Activity: Go to the line containing "Bulbs: 1x E25-27." and retype it and every later line exactly as written, up to the last line of the entries. Keep pictures out.

Data to process:
"""
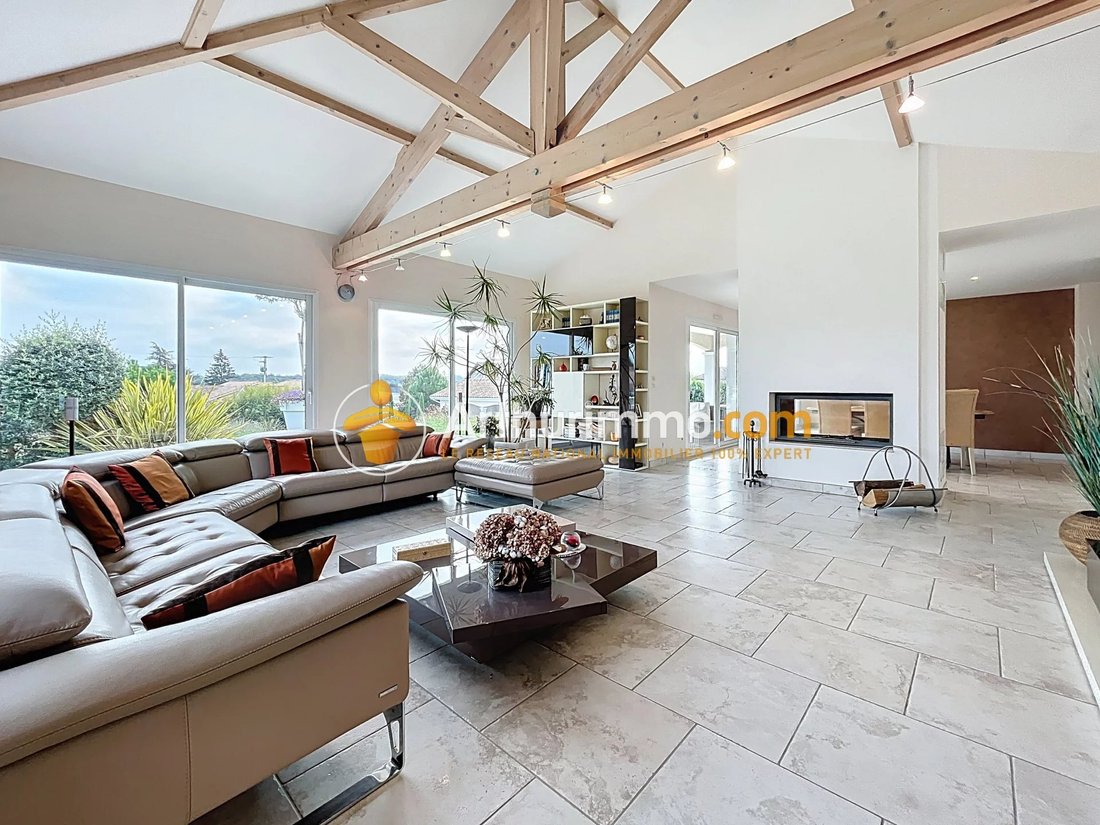 House in Chezeneuve, Auvergne-Rhône-Alpes, France 1 - 17043688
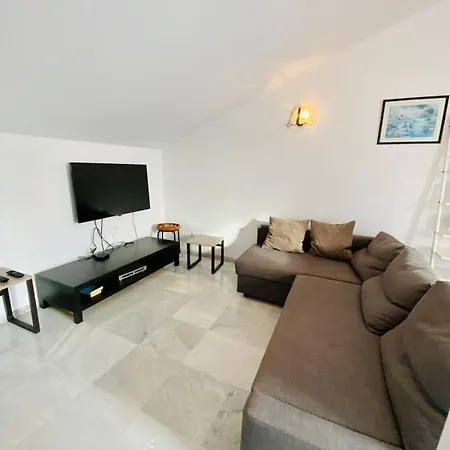 Apartman Con Piscina En Rosas De Capistrano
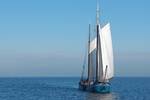 Pouwel Jonas under sail, viewed from the bow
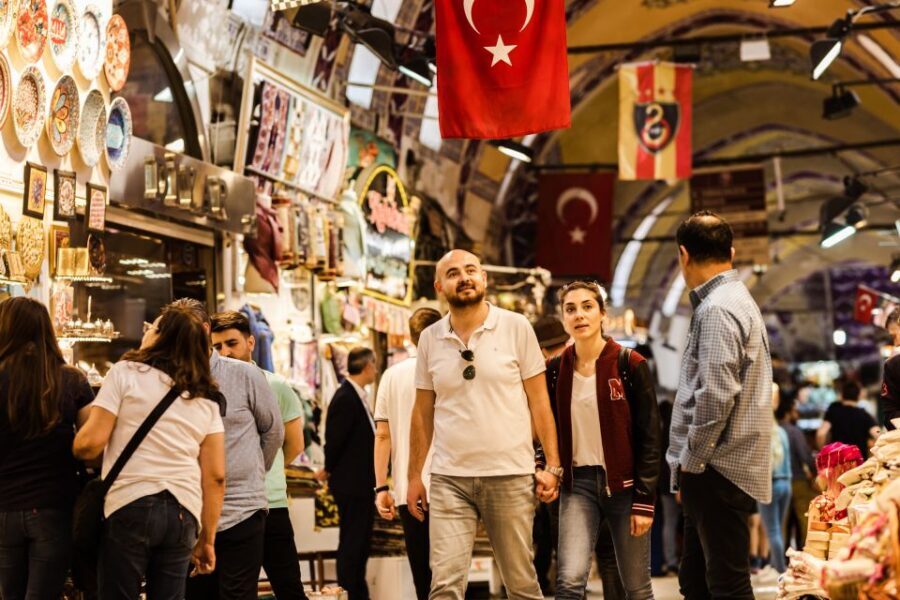 Istanbul: Private Custom Tour with a Local – Icons & Gems - Markets, backstreets, courtyards, and local tea-time conversation
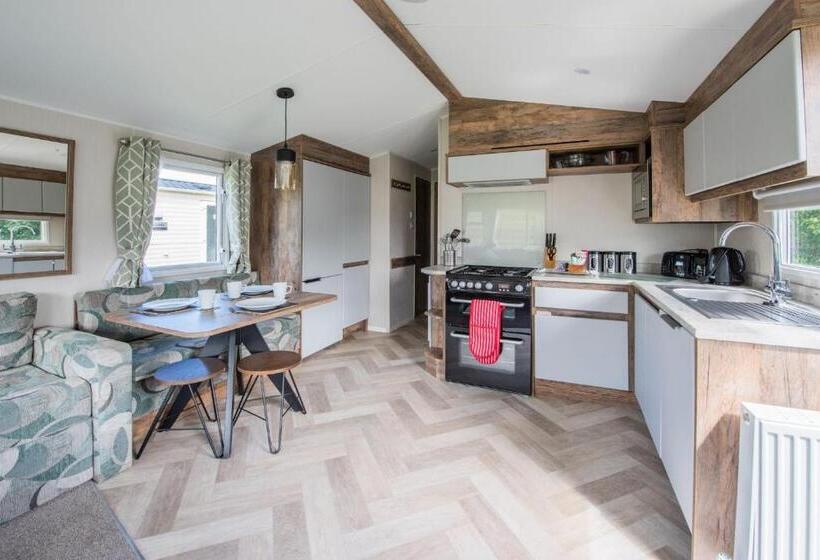 Апартаменты 3 Спальни, Widemouth Bay Caravan Park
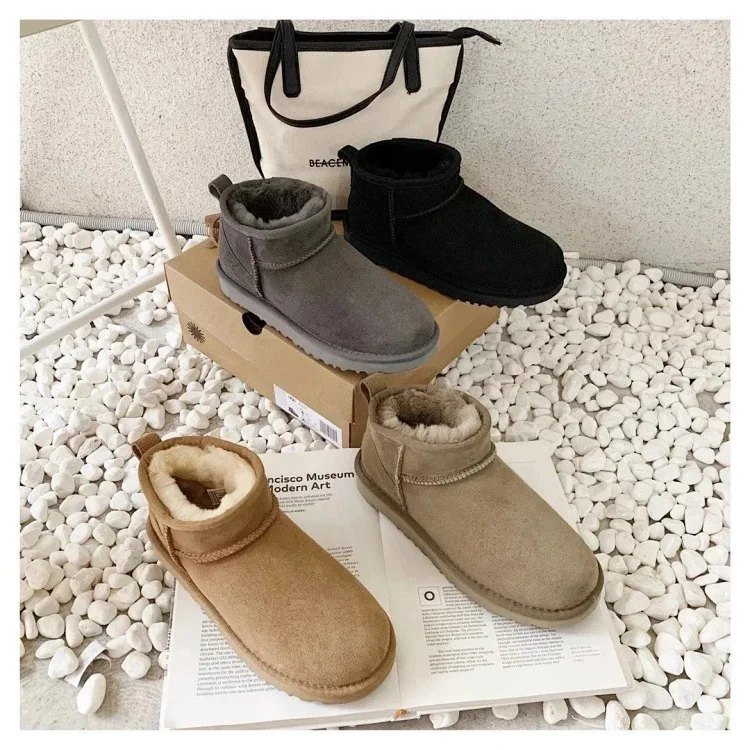 UGG (31 styles)  7385396247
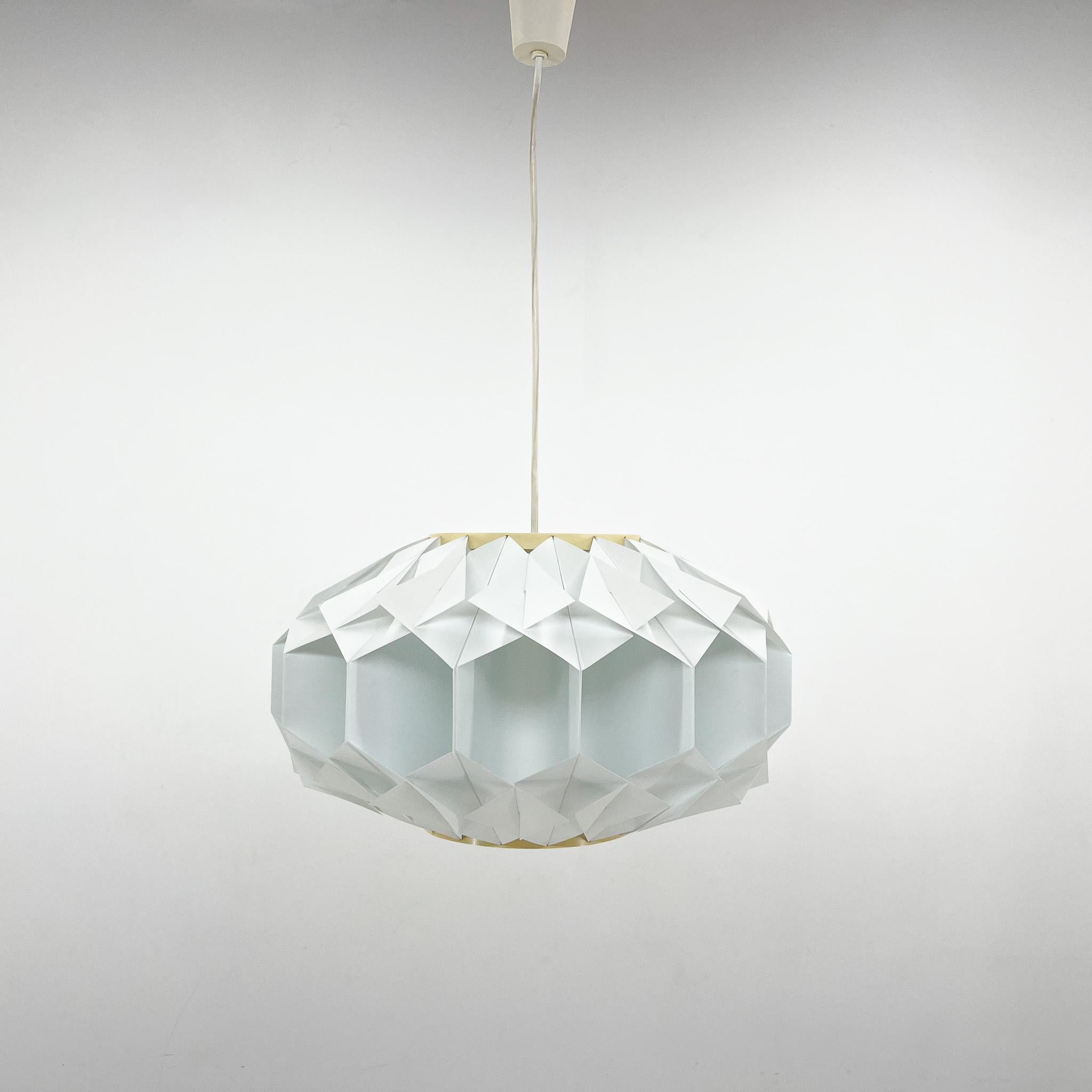 Vintage pendant light made of acrylic flat panels fitted over each other. Casts very beautiful light. Made in Denmark in the 1970s. 
Bulbs: 1x E25-27.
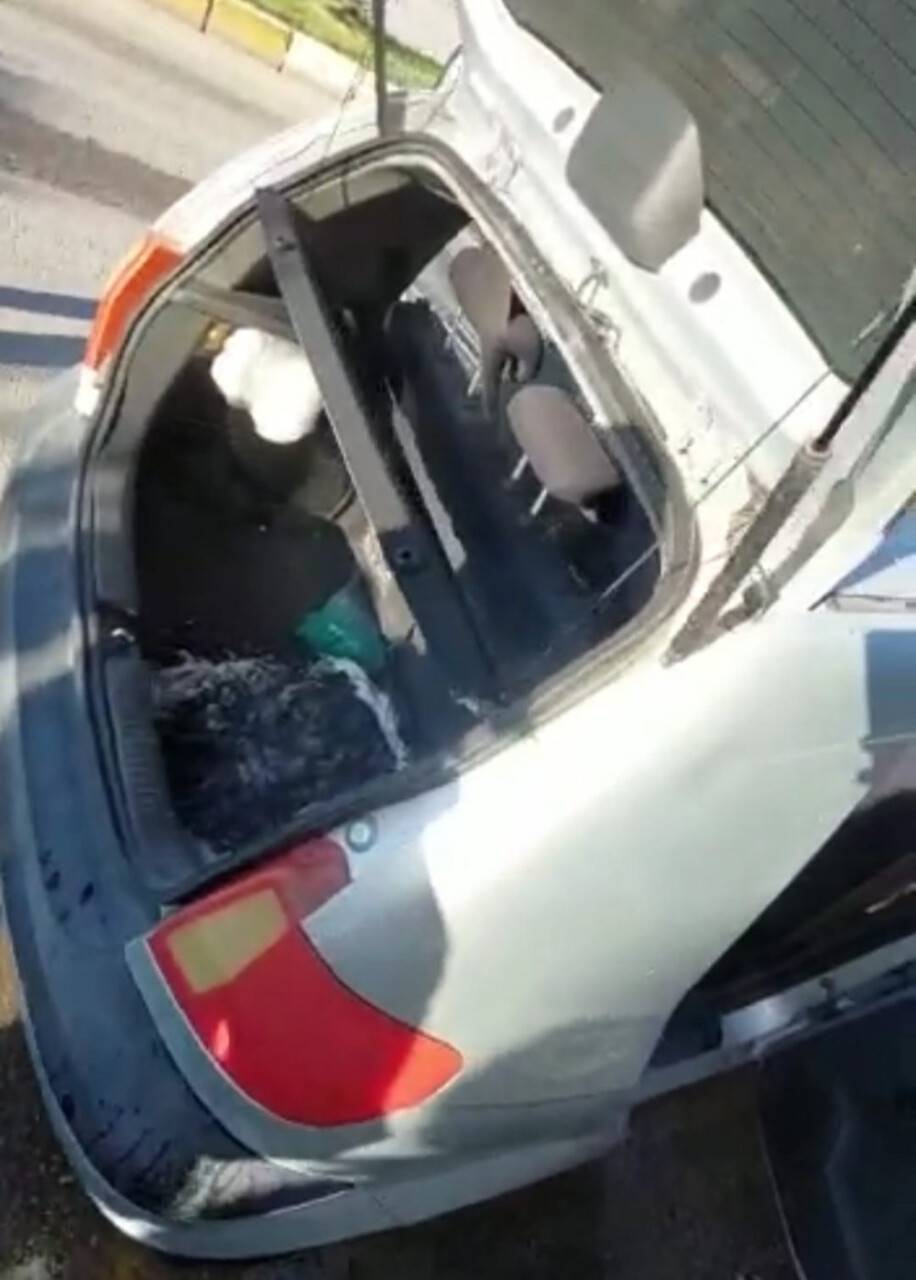 Bagajdaki mangal kömürü az daha otomobili yakıyordu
"""
Your response:
Bulbs: 1x E25-27.
 Bagajdaki mangal kömürü az daha otomobili yakıyordu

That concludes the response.